Skittles Will Be Gray And Gay This Summer

Five queer artists will have platform on Skittles packaging during Pride Month.

Skittles have always been a little gay. The candy's slogan is, after all, "Taste the rainbow." The brand is surely aware of this alignment, as in 2017 it introduced a colorless bag of all-white candy in honor of Pride Month, confusingly eliminating the candy's year-round rainbow in an act of solidarity. Though the promotion was ill-received by some, Skittles went white again in 2020. Last year, however, the brand took a different approach.

While the candies were still colorless in 2022, the packaging wasn't: five queer artists were chosen to feature their unique and vibrant designs on the otherwise gray bags. This year, Skittles is doing it all again, with new designs from five new artists gracing the share size bags of Skittles from May through mid-July. The company will also again donate $1 from each pack sold (up to $100,000) to GLAAD.

As outlined in the Skittles press release, this year's artists all come from diverse race and gender backgrounds, but currently reside in New York, Philadelphia, or Chicago. The designs on the Pride packs all heavily feature rainbows and inspirational words.

My favorite of the five designs comes from Brooklyn-based illustrator Shanée Benjamin, featuring a rainbow emanating from a red-lipped mouth with a gold tooth. I think I'm most drawn to this one because I've always had a fascination with illustrated lips. I have a lip tattoo complete with vampire fangs on one of my shoulder blades, and I have lip stickers on my water bottle and my notebook. If the artist sold stickers of this design, I would happily buy one.

It will be interesting to see which other food brands embrace the corporate Pride trend this year. Last year, Oreo introduced Pride-themed cookies that were stamped with the word "PROUD." (Sadly, however, they did not come with rainbow creme.) Oreo is also a "principal partner" with this year's Auckland Pride festival, although New Zealand's Gay Express is critical of the partnership, as Oreo's parent company, Mondelez International, is a global conglomerate that is contributing to deforestation in Indonesia and uses child labor in its African cocoa plantations—not exactly socially conscious behavior.

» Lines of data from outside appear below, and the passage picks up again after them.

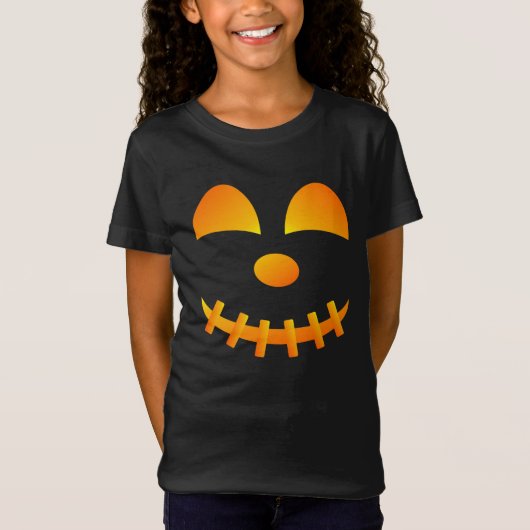 Halloween Jack-o'-lantern Cute Face Girl's T-Shirt (Voorkant)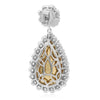 LARGE 21.6CT DIAMOND & AAA EMERALD 18KT TWO TONE GOLD TEAR DROP HANGING EARRINGS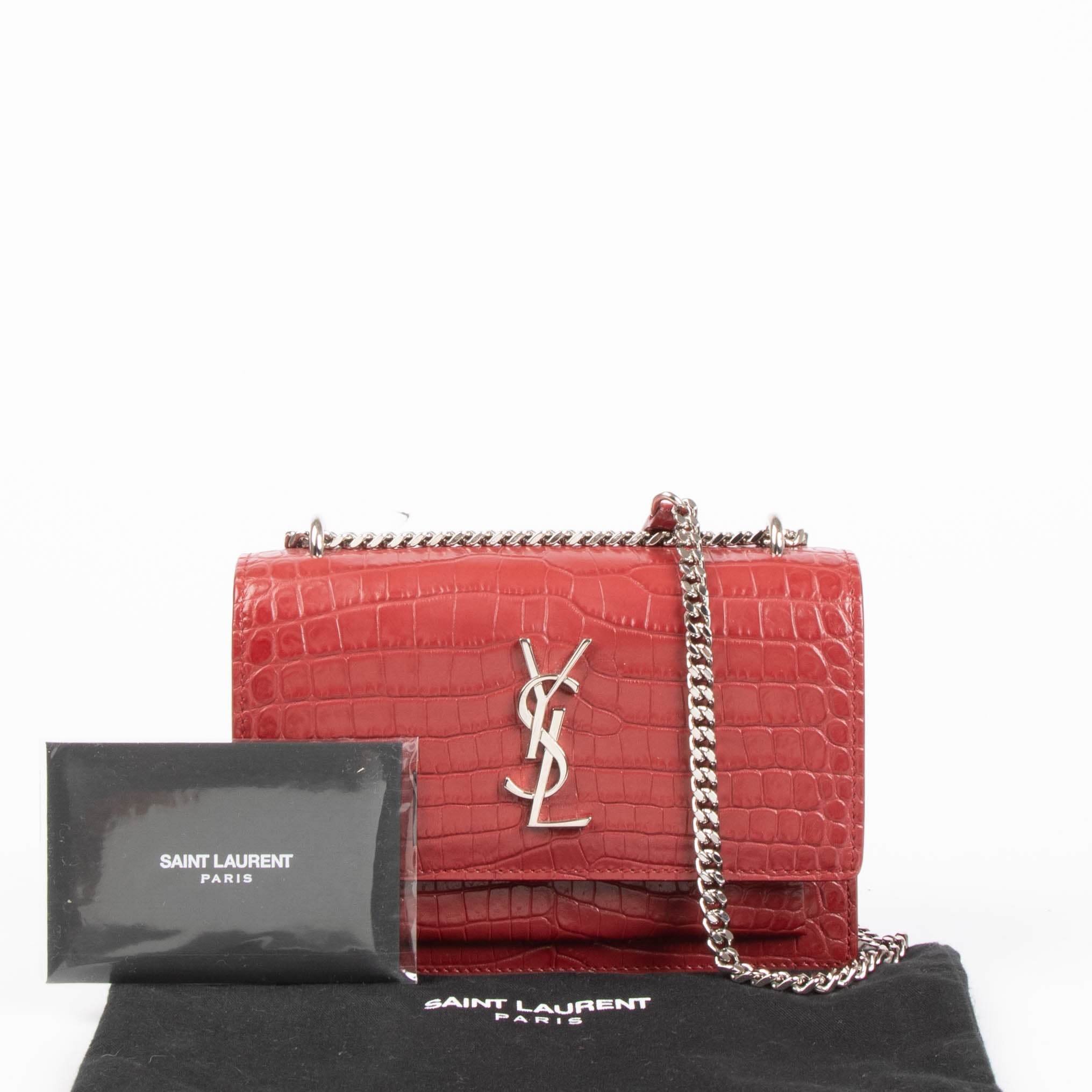 Saint Laurent Red Crocodile Embossed Sunset Small Bag – Labellov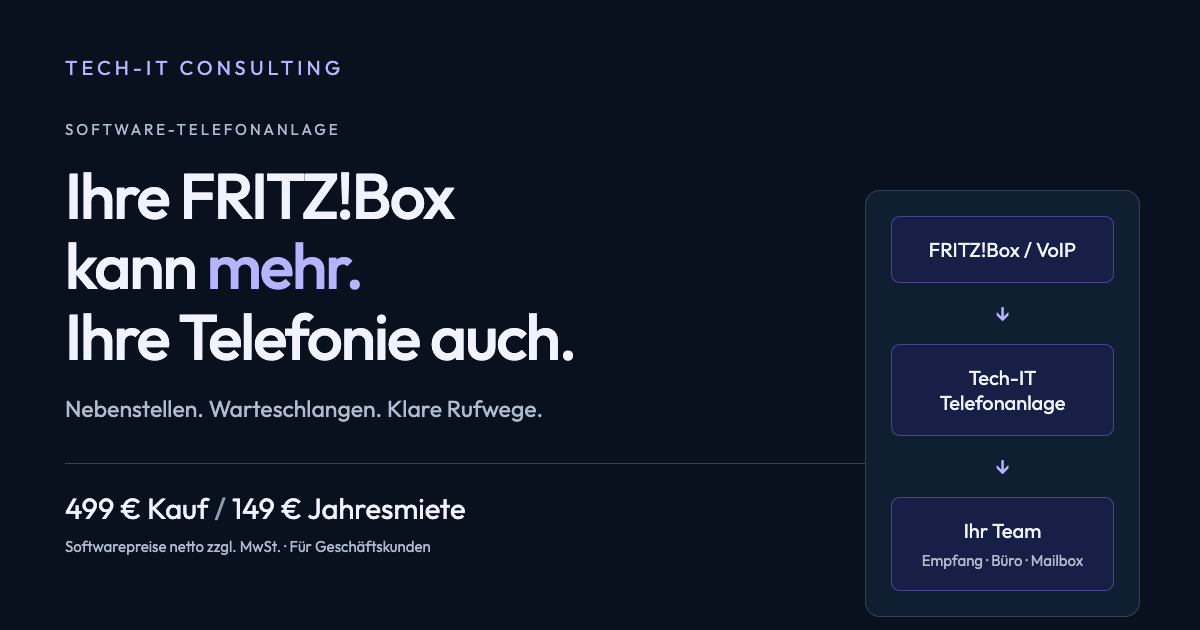 Tech-IT Telefonanlage für FRITZ!Box und VoIP: Kauf 499 Euro oder Jahresmiete 149 Euro netto
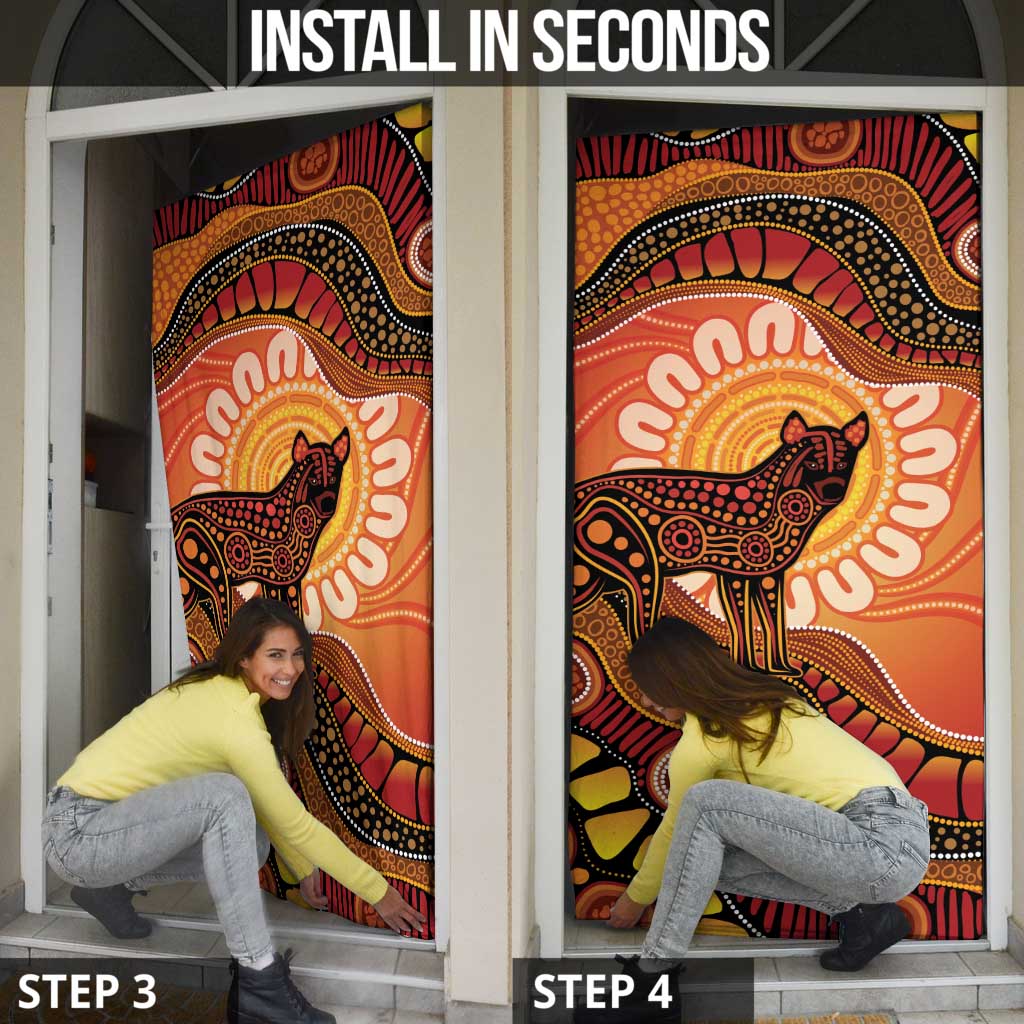 Indigenous Dingo Australia Door Cover Australian Aboriginal Art Proud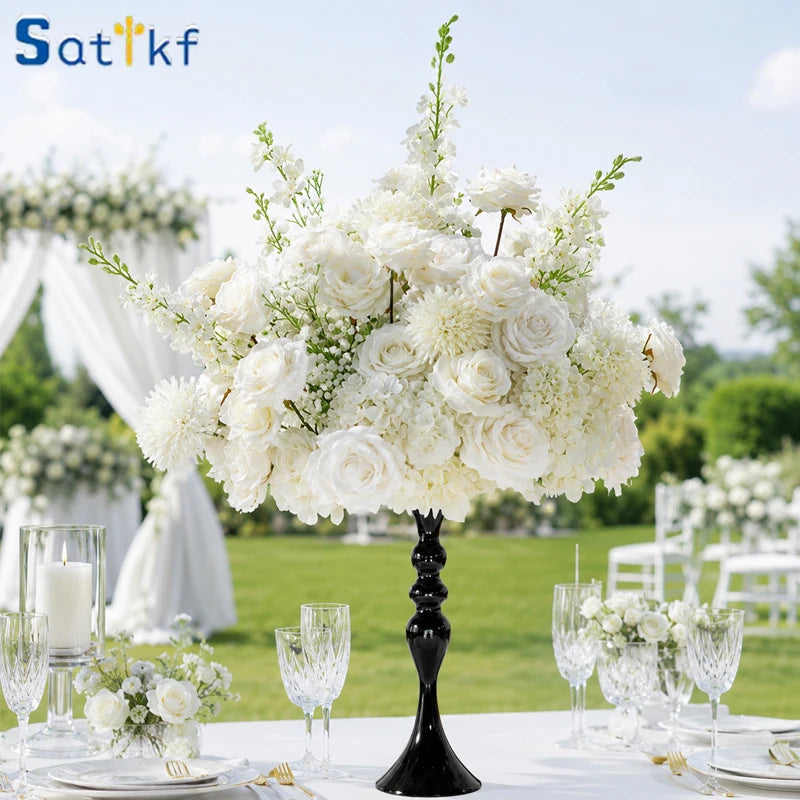 décoration florale artificielle blanc roses hydrangeas classique extérieur mariage anniversaire baby shower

Mars, the company that makes Skittles, is no saint either. Last summer, it was subject to a lawsuit alleging that Skittles were unfit for human consumption due to their use of titanium dioxide as a coloring agent. But since the Pride edition candies are colorless and therefore might not contain the ingredient, perhaps Mars is actually helping humanity with what on the surface looks like a PR stunt. Maybe corporate Pride isn't always terrible.